The reply might have been slightly heavy handed in the delivery, but I don't see anything wrong with the message. Eric doesn't work in the company press office, which means he's not as practiced at gracefully deflecting overstepping questions. That said, I'd rather read Eric's technical articles than those written by a press office employee, so I'm fully willing to overlook the occasional journalistic foible..
Wednesday, February 09, 2011 6:17 PM
Eric a journalist working for a publication? Where did you get that idea? Last I heard Eric wasn't getting paid to move his personal blog over to Motoiq. I think the defensive response was appropriate for the offense question.
"So you've shown us some pics," = So what.
Obviously I was not the only one who interpreted it that way.
Wednesday, February 09, 2011 8:50 PM
Jeffball610 asked what he wanted and I explained why I didn't write what he wanted. No harm, no foul to me. I didn't think I was defensive and I didn't think Jeffball was too offensive.
Daewoo, let me clarify my presence on motoiq.com: When Motoiq first started, they needed a boost in traffic. At the time my personal blog was ranked 122,000 in the world and motoiq was not even ranked 1,000,000 in the world yet. I moved my personal blog to motoiq to boost traffic. Beyond the Dyno is actually no longer my personal blog since I just don't have the time to write about random personal shit everyday anymore. So when I do write, it is usually car related whereas before it was about anything that was literally "beyond the dyno". To those who do not know, I may come off LIKE a journalist working for a website, motoiq.com, but in actuality:
1. I am not a journalist.
2. Where Mike and the others are interested in educating the automotive enthusiast public, I am not. It would be great if you got something out of what I write, but it's not my main purpose in contributing to motoiq.
3. I am writing for your entertainment. Its something to read when you're having your morning coffee while looking over at the stock ticker occasionally. Whether or not you enjoy the entertainment is up to you. I don't mind if you don't like it.
And I hope that clears things up.
Fabrik8: well said
Thursday, February 10, 2011 2:21 PM
Thanks Eric for posting the pictures up. I'd say its very interesting though it in no way benefits me. I'd definitely love to see more as I love Evo's in general.
I did notice that you haven't been posting entries much to Beyond the Dyno. Its a bummer cause I enjoy reading them, but I understand your actual work to pay for the roof and the meals are more important. I'm also glad work is becoming busier for you which means the racing and tuning scene isn't going to die anytime soon as some naysayers are propagating.

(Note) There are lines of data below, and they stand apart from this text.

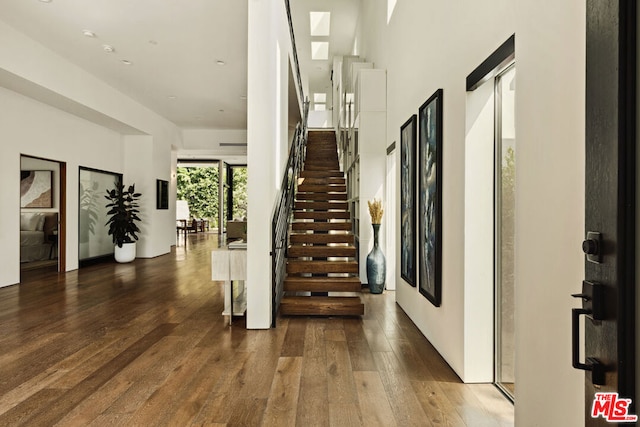 stairway featuring hardwood / wood-style floors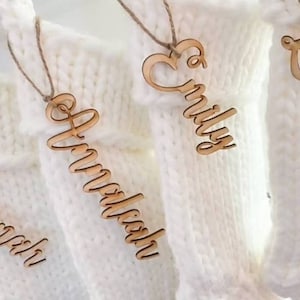 May include: Four white knitted stockings with wooden name tags. The names on the tags are "Annabelle", "Emily", "Ava", and "Lisa".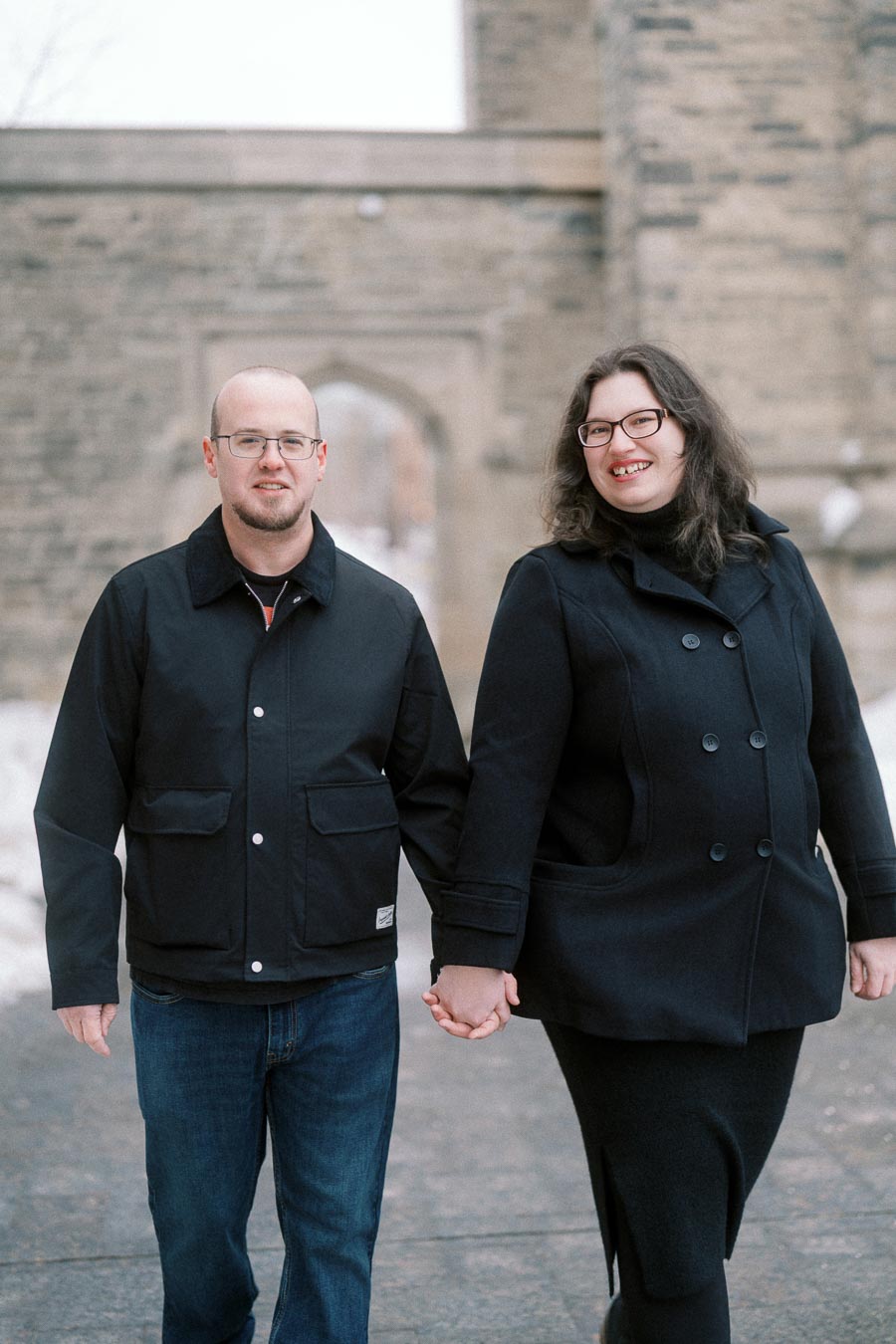 A couple holding hands and walking on a snowy pathway in front of a historic stone building. Both are wearing winter coats and glasses, smiling at the camera.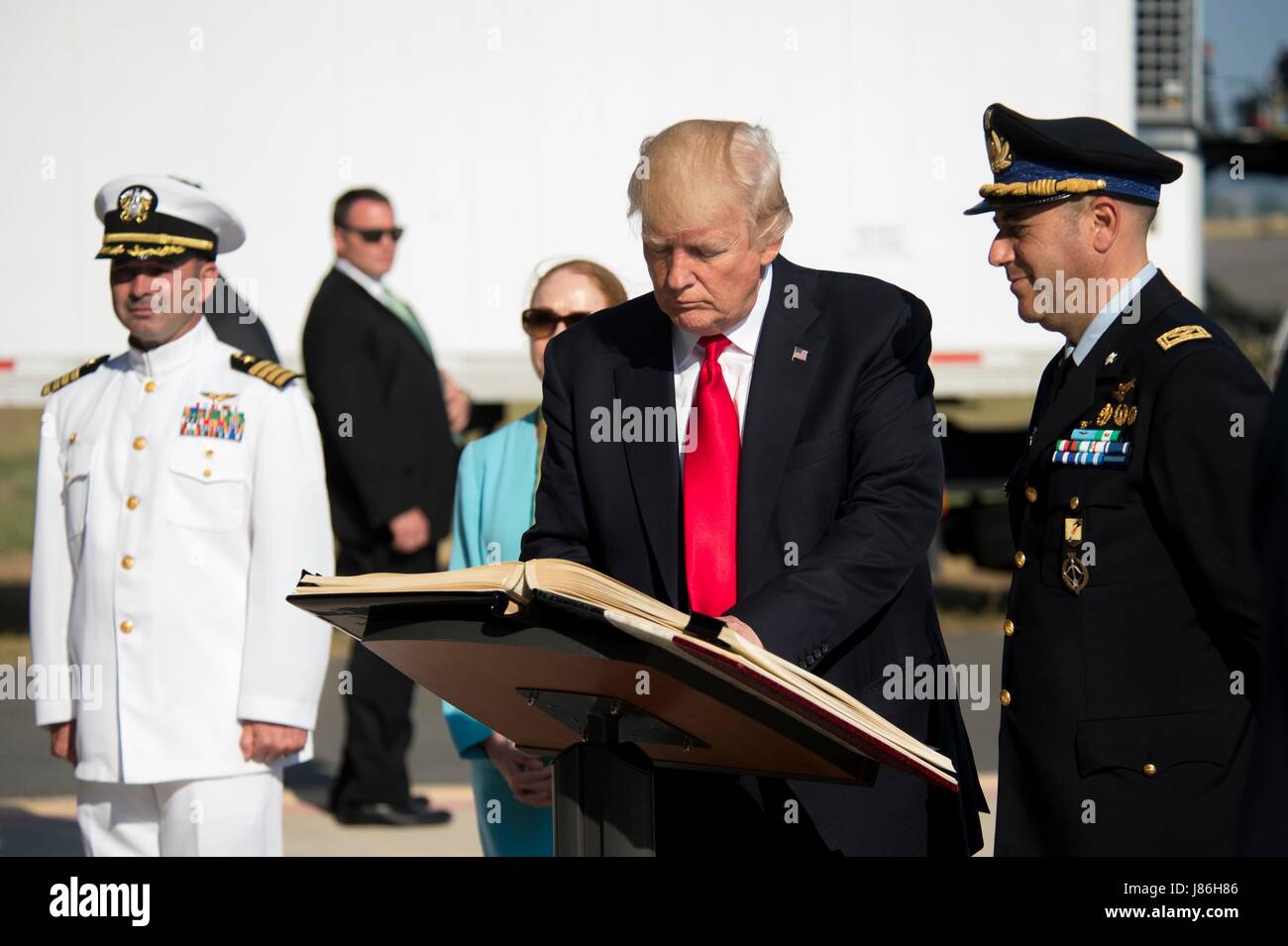 U.S. President Donald Trump signs the Albo d’Onore, the Sigonella Italian Air Force base guest book during a stopover to visit Naval Air Station Sigonella before returning home from his nine-day overseas trip May 27, 2017 in Sigonella, Italy. Stock Photo
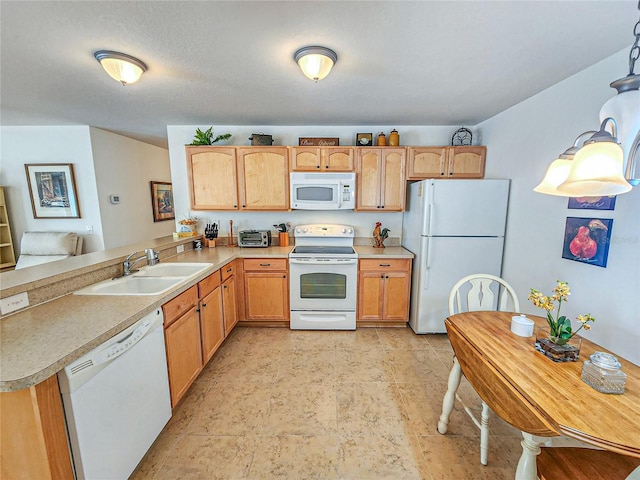 kitchen with light tile patterned flooring, hanging light fixtures, light brown cabinets, white appliances, and sink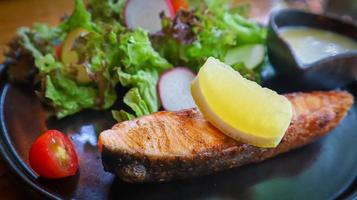 Grilled salmon fillet served with mixed green salad and keto cream salad dressing.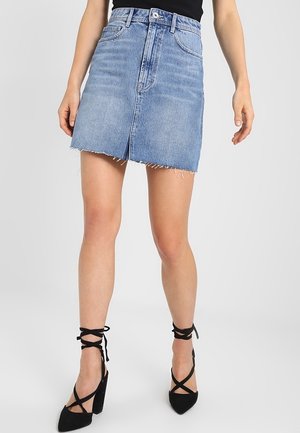 Vrouw draagt een lichtblauwe denim minirok met onafgewerkte zoom, gecombineerd met zwarte schoenen met hoge hakken en bandjes, tegen een effen achtergrond.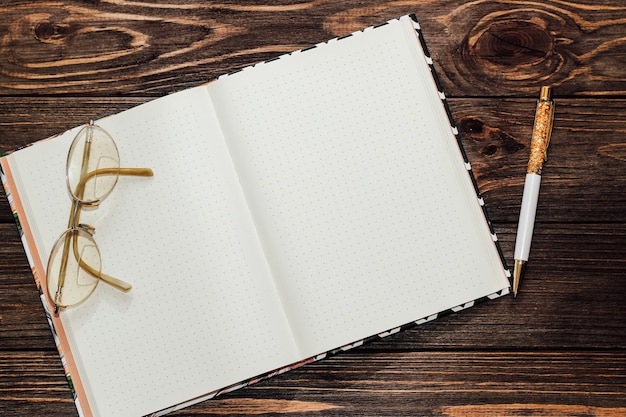 Notepad with reading glasses and a gold pen on a wooden table. Space for text.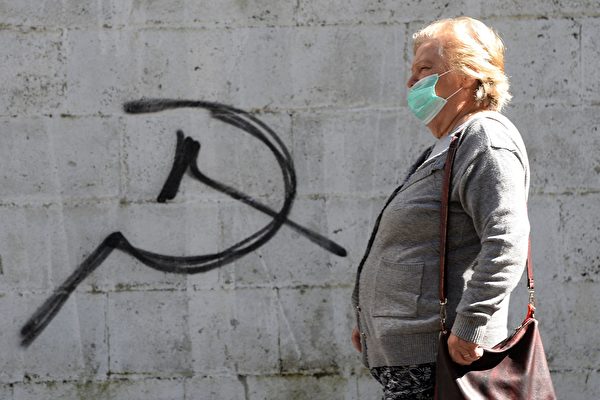 Женщина в маске проходит мимо символа серпа и молота во время ярмарки в городе Карбальино, на северо-западе Испании, 16 мая 2020 года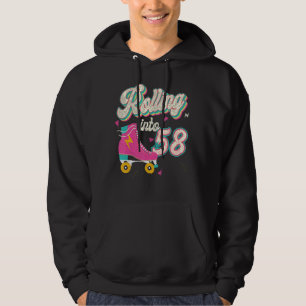 Sudadera 58.º patinaje de natalidad en 58 años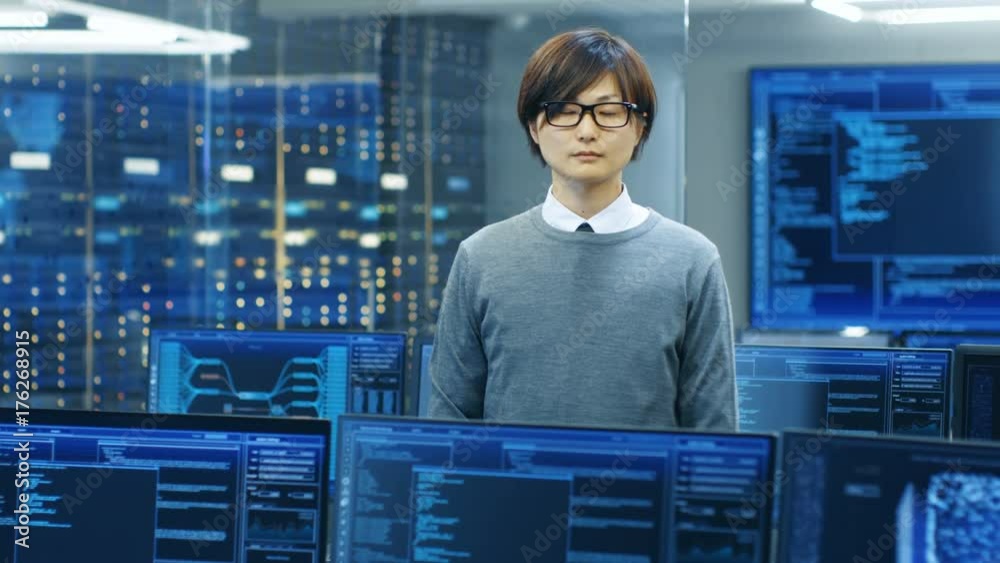 Poster In the System Control Room Technical Operator Stands and Looks at the Camera. He's Surrounded by Multiple Displays Showing Graphics.  Shot on RED EPIC-W 8K Helium Cinema Camera.
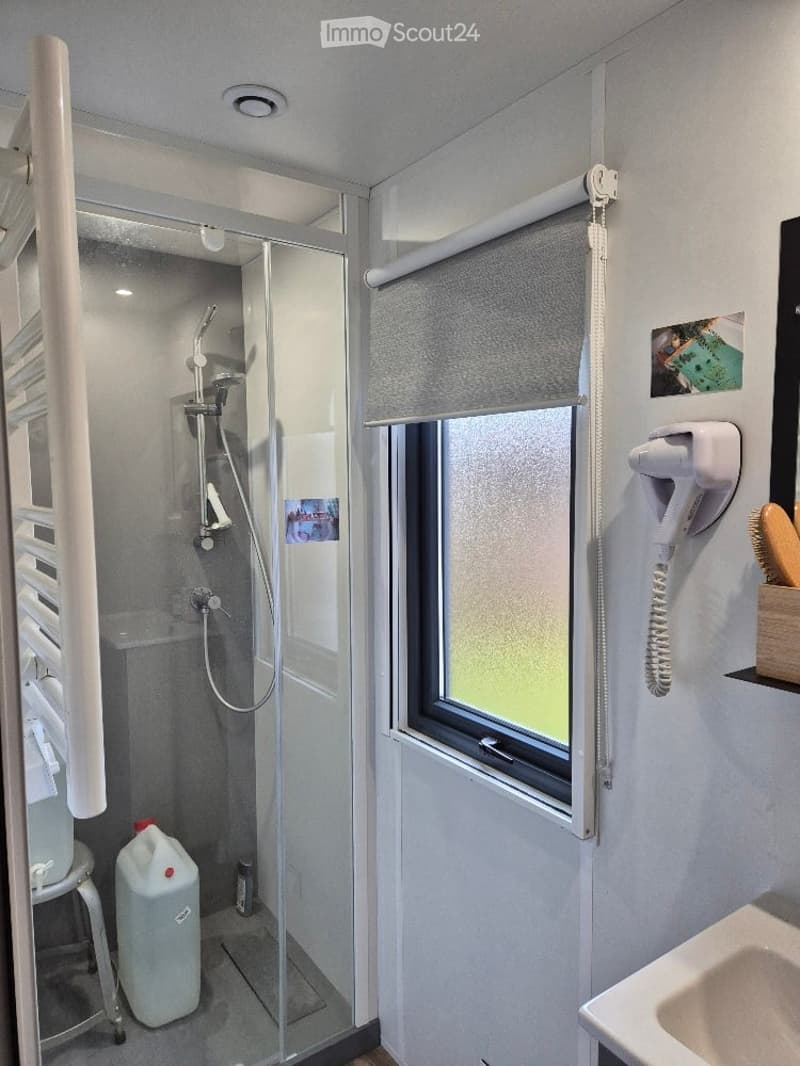 Modern bathroom with a glass-enclosed shower, a sink, a window with blinds, and a small stool holding a water bottle.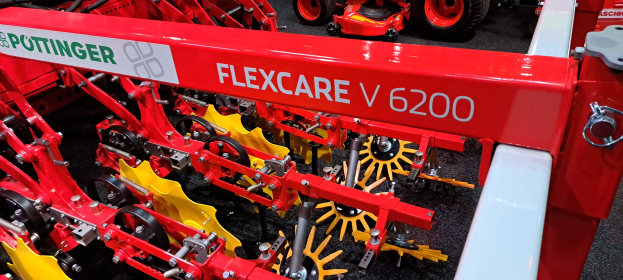 Ein roter und gelber Traktor mit der Aufschrift "Flexcare V 6200" war unter anderen Fahrzeugen zu sehen.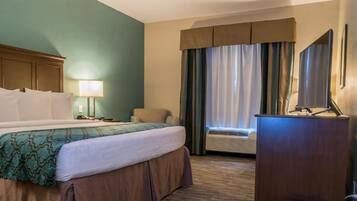 A hotel room with a bed, a desk, a chair, a lamp, and a window with curtains.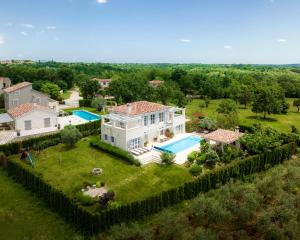 an aerial view of a house with a swimming pool at Villa Moonlight in Poreč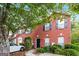 Charming brick townhome with manicured landscaping and a walkway leading to a black front door at 5797 Strathmoor Manor Cir, Lithonia, GA 30058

PS: You heavy-handed reply was quite amusing, though I won't want to be on the receiving end.
Monday, February 14, 2011 8:57 AM
How does one get spots of casting sand/rust in the oil passages; those passages are drilled into the block. Unless of course there's been some mixing of oil and coolant somewhere along the line.
Tuesday, February 15, 2011 2:28 PM
Leon: One of these days I'll start writing again regularly. I think the racing and tuning scene is fine, but unfortunately the street scene may be the segment of the industry that is getting smaller.
Street: Not all of the oil passages are machined in. An example would be drain back passages from the cylinder head to the crankcase.
Thursday, February 17, 2011 7:43 AM
Aaaah din' think about those!
Wednesday, November 09, 2011 8:48 PM
Eric: Any chance you could send me a message?